In TwinCAT 3 ist das alles noch mehr einfach. Die Entwicklungsumgebung selbst generiert ein 7 Tagen Demo Lizenz für jedes Unterteil welches noch nicht registriert ist, auch für das Target Gerät, auch für Funktionen ohne zuzätzliche Schritten (z.B. CX1020 mit ein TwinCAT 3 Laufzeit und OPC-UA). Nach 7 Tagen brauchen sie manuel wieder ein neue Lizenz zu generieren. Für Testaufbau und Studenten solltet das so immer reichen und ist kostenlos.


----------



## Paule (25 September 2012)

Sobald die Piratenpartei an der Macht ist, wird dieser Thread vermutlich geschlossen.


----------



## rostiger Nagel (25 September 2012)

Paule schrieb:


> Sobald die Piratenpartei an der Macht ist, wird dieser Thread vermutlich geschlossen.



Neh glaube ich nicht, die ändern ja gerade auch ihr Parteiprogramm http://www.sps-forum.de/showthread.php/1322-Fun-zum-Feierabend?p=404103#post404103


----------



## Paule (25 September 2012)

rostiger Nagel schrieb:


> Neh glaube ich nicht, die ändern ja gerade auch ihr Parteiprogramm http://www.sps-forum.de/showthread.php/1322-Fun-zum-Feierabend?p=404103#post404103


Hmmm, stimmt!
Eigentlich ist es schon erstaunlich das Politiker nie lernen: Nationalsozialismus gehört nicht in den Sprachgebrauch eines Politikers. 
Das hat schon viele zu Fall, oder sehr schlechte Publicity eingebracht.
Aber diese junge Dame "fällt" ja gleich das Programm der ganzen Partei. 

Nachtrag: Natürlich hat Sie jetzt nichts über den Nationalsozialismus gesagt.
Es war nur ein Beispiel das auch sehr viele Politiker nützen um den Kopf ein mal in die Schlinge zu bekommen.
Nervenkitzel oder warum auch immer.


----------



## KingHelmer (30 Oktober 2012)

> So ich gebe zu, in der Firma arbeite ich mit gekaufter Software, zu Hause mit Cracks



Genauso ist es bei mir auch.
Ich denke auch, dass so etwas keinem Softwarehersteller der Welt schadet. Welcher Hersteller rechnet bitte damit, dass "kleine Leute" für zu Hause eine Lizenz für 16000 € kauft (Solidworks, Revit, eplan usw usw.).

Jeder, der Geld damit verdient (Freiberufler, Firmen, Sonstige) müssen selbstverständlich dafür bezahlen. 

Grüße, 

Florian


----------



## Sven Rothenpieler (30 Oktober 2012)

KingHelmer schrieb:


> Genauso ist es bei mir auch.
> Ich denke auch, dass so etwas keinem Softwarehersteller der Welt schadet. Welcher Hersteller rechnet bitte damit, dass "kleine Leute" für zu Hause eine Lizenz für 16000 € kauft (Solidworks, Revit, eplan usw usw.).
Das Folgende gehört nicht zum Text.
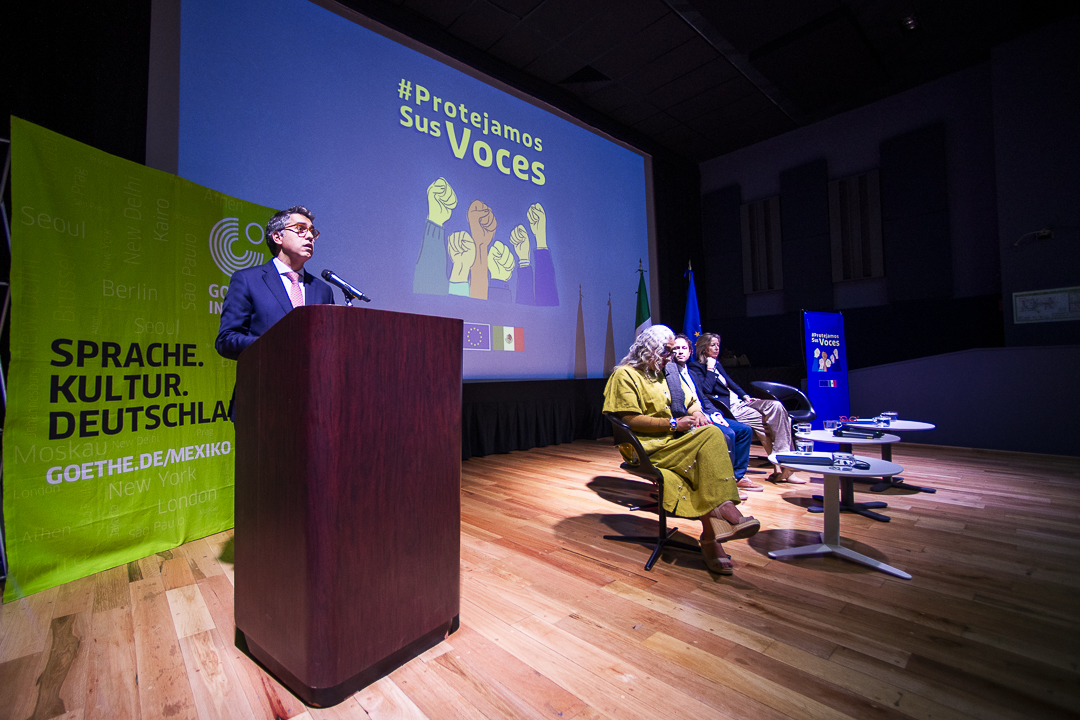 Ayer, con la presencia de la Representante Especial 🇪🇺 para los #DDHH, <a href="/KajsaOllongren/">Kajsa Ollongren</a>, dio inicio el encuentro de #ProtejamosSusVoces, iniciativa de la <a href="/UEenMexico/">Unión Europea en México 🇪🇺🇲🇽</a>, sus Estados Miembros, 🇳🇴 y 🇨🇭, para fortalecer la labor de personas defensoras de derechos humanos y periodistas.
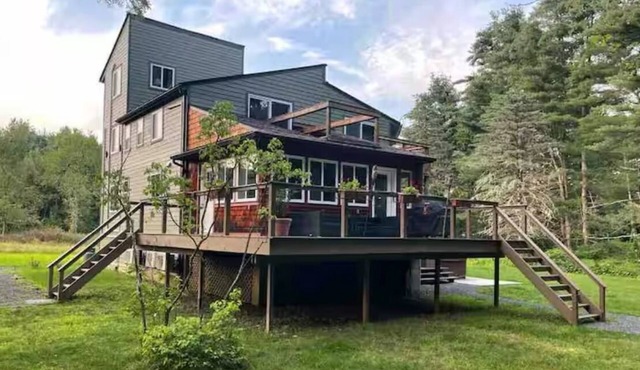 Mohonk's Peaceful 5BR-3BA~Jacuzzi~Huge Deck~Right On Coxing Kill~ Private Road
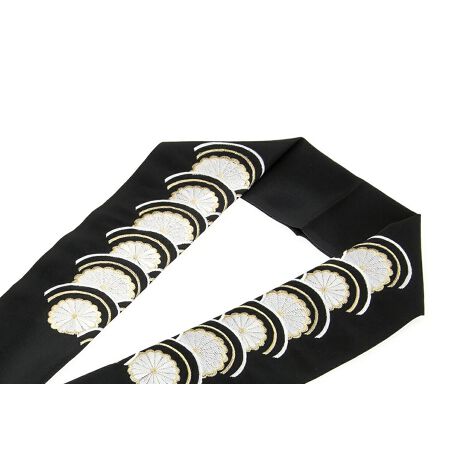 [^:sbn01-eri0058]tH[}ȒɎhJ܁̂ʂA̔܁i݁jłB̂悤ȉ₩ȐnɁAȋŋeCg₩ɎhJĂ܂Bp[eB[ւ̂Ă΂Al⑲ƎƂsȂǂɌĂ܂BtAK⒅FnAUڑȂǃtH[}̒ɂ悭łB܂CFł|ȂǁAɂp܂B́AJɎdグꂽ{łBfނ̍|GXeuV@VG[v́Â悤Ȃ₩ȌƊ炩AnƃRVɑϗDĂ܂BdĂ܂̂ŁASnQłB܂͔ɐG镔łA@فE@ق悲ꂩ܂B̍ۂɂ̓hCN[jO߂܂B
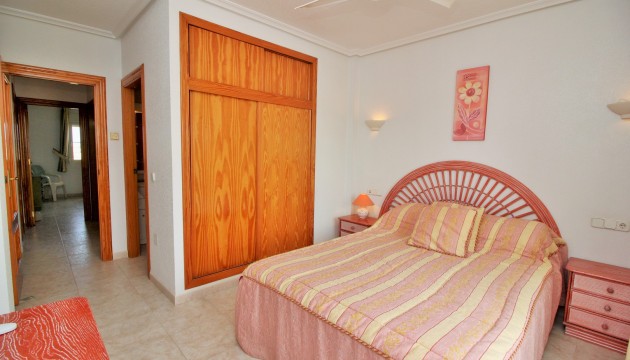 Resale - Apartment - Orihuela Costa - Playa Flamenca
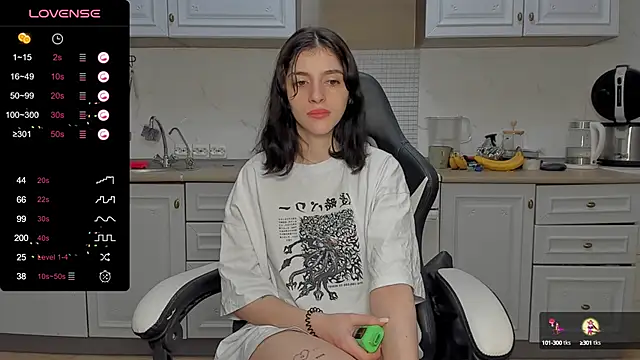 Snapshot of broosnica1 chatting on January 25, 9:47 am broosnica1 online show from January 25, 9:47 am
Wenn nur 1 % der Weltbevölkerung (und ich behaupte mal, dass es weitaus mehr Raubkopierer auf der Welt gibt) so denken würde wie du, dann würde dem Softwarehersteller ein Gesamtschaden von *112.000.000.000 €* entstehen.

Klar ist das nicht der effektive Schaden, aber schon ein ordentliches Sümmchen Umsatz, das dem Unternehmen durch die Lappen geht, wie ich finde...

Viele Grüße

Sven


----------



## Pepper Ann (30 Oktober 2012)

Hallo Sven, 

ich sehe das ein wenig anders. es geht ja nicht um den kommerziellen Einsatz unlizensierter Software, es geht ja viel mehr darum, dass Schüler und studenten zur (selbst)ausbildung Programme nutzen, die normalerweise richtig schotter kosten...
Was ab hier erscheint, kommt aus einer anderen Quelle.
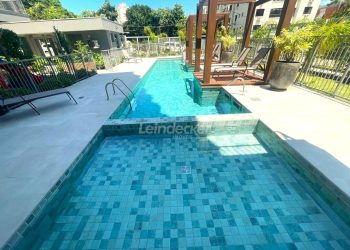 Apartamento à venda com 70m², 2 dormitórios, 2 suítes, 1 vaga no bairro Moinhos de Ventos em Porto Alegre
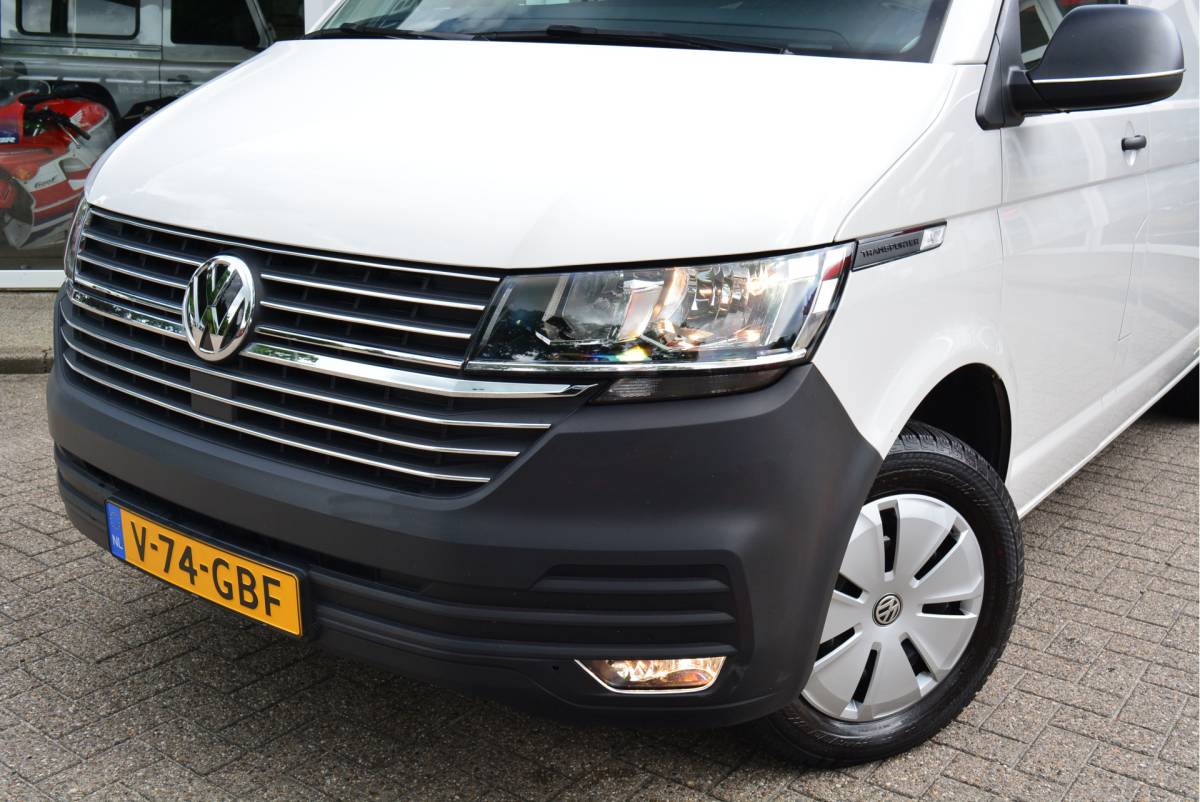 Volkswagen Transporter Volkswagen Transporter 2.0 TDI 150PK L2 Comfortline Executive Plus | MARGE | Cruise | Carplay | Navi | Trekhaak |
ein effektiver schaden entsteht dem Softwarehersteller in sofern nicht, als dass er für die Kopien keine Materialkosten investiert. dafür hast du aber als Softwarehersteller den unschlagbaren vorteil, dass es viele junge Berufseinsteiger gibt, die sich eben mit deiner software auskennen, und daher dann deine software auch nutzen...

was glaubst du, warum fahrschulautos (zumindest wenn man sie direkt ab werk kauft) so billig sind. die hersteller erhoffen sich zu recht, dass so junge autofahrer auf den geschmack gebracht werden...

lg, Anna

PS: dass an meiner these was dran zu sein scheint, zeigt doch auch, dass selbst ePlan mittlerweie Schüler und Azubi Lizenzen verteilt...


----------



## norustnotrust (30 Oktober 2012)

Hallo PepperAnn



Pepper Ann schrieb:


> dafür hast du aber als Softwarehersteller den unschlagbaren vorteil, dass es viele junge Berufseinsteiger gibt, die sich eben mit deiner software auskennen, und daher dann deine software auch nutzen...
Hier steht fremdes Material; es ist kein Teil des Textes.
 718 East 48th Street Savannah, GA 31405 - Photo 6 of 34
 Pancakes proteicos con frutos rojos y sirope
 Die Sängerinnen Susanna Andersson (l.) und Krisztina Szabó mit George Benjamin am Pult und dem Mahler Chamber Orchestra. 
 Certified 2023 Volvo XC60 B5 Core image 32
Du sagst es. Aber ich finde man sollte den Firmen das überlassen ob diese Marketing-Methode anwenden wollen oder nicht. Daraus das Recht herzuleiten daß man denen die das nicht tun wollen Ihr Eigentum einfach stehlen (bzw. unrechtmäßig nutzen) darf halte ich für verwegen!



Pepper Ann schrieb:


> ich sehe das ein wenig anders. es geht ja nicht um den kommerziellen Einsatz unlizensierter Software, es geht ja viel mehr darum, dass Schüler und studenten zur (selbst)ausbildung Programme nutzen, die normalerweise richtig schotter kosten...



Und man muß ja auch fragen ob die Softwarefirma will ob sich der "kleine Nutzer" zu Hause selber Solid-Works beibringt wenn er ja auch bei denen einen günstigen Kurs buchen kann?


----------



## Sven Rothenpieler (30 Oktober 2012)

Pepper Ann schrieb:


> ich sehe das ein wenig anders. es geht ja nicht um den kommerziellen Einsatz unlizensierter Software


habe ich ja auch nicht behauptet. ;-)



Pepper Ann schrieb:


> es geht ja viel mehr darum, dass Schüler und studenten zur (selbst)ausbildung Programme nutzen, die normalerweise richtig schotter kosten...


Rechtfertigt dieses "Argument" das Raubkopieren?



Pepper Ann schrieb:


> ein effektiver schaden entsteht dem Softwarehersteller in sofern nicht, als dass er für die Kopien keine Materialkosten investiert.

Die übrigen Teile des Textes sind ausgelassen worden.